Brief:
Return the data exactly, with all pictures removed.

Stored data:
- - - - - - -
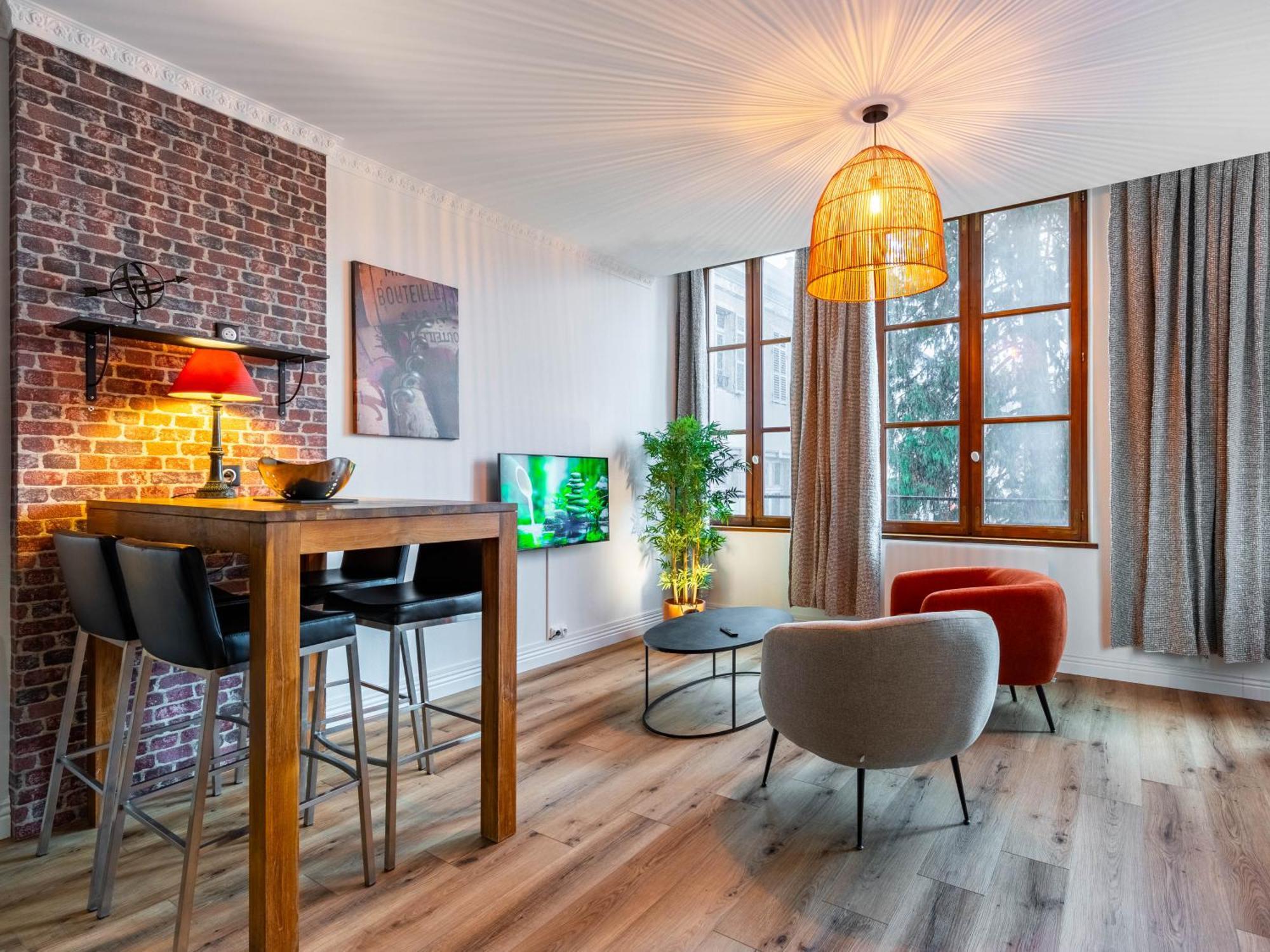 Le Relais Ducal - Appartements D'Hotes Vieille Ville Nancy Kültér fotó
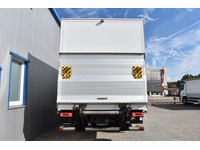 TOC1273_3043550 vehicle image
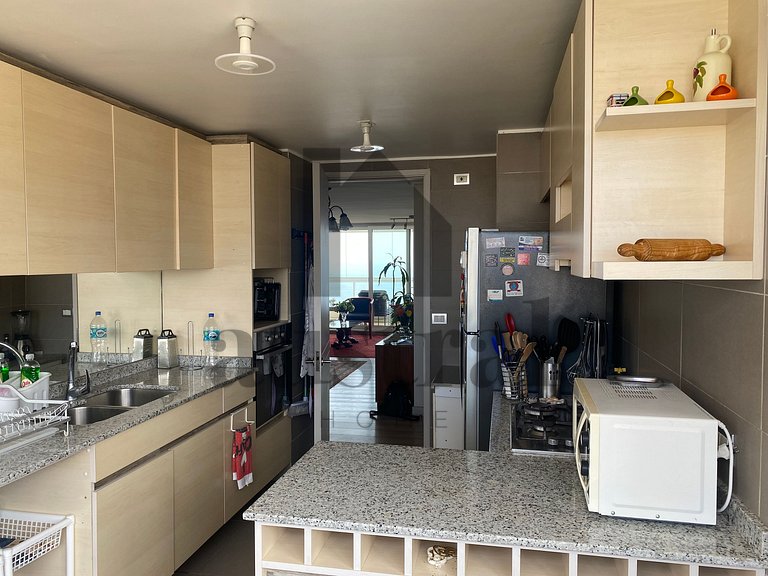 Amplo Apartamento com Vista Despejada para o Mar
- - - - - - -
Answer box:
 Le Relais Ducal - Appartements D'Hotes Vieille Ville Nancy Kültér fotó
 TOC1273_3043550 vehicle image
 Amplo Apartamento com Vista Despejada para o Mar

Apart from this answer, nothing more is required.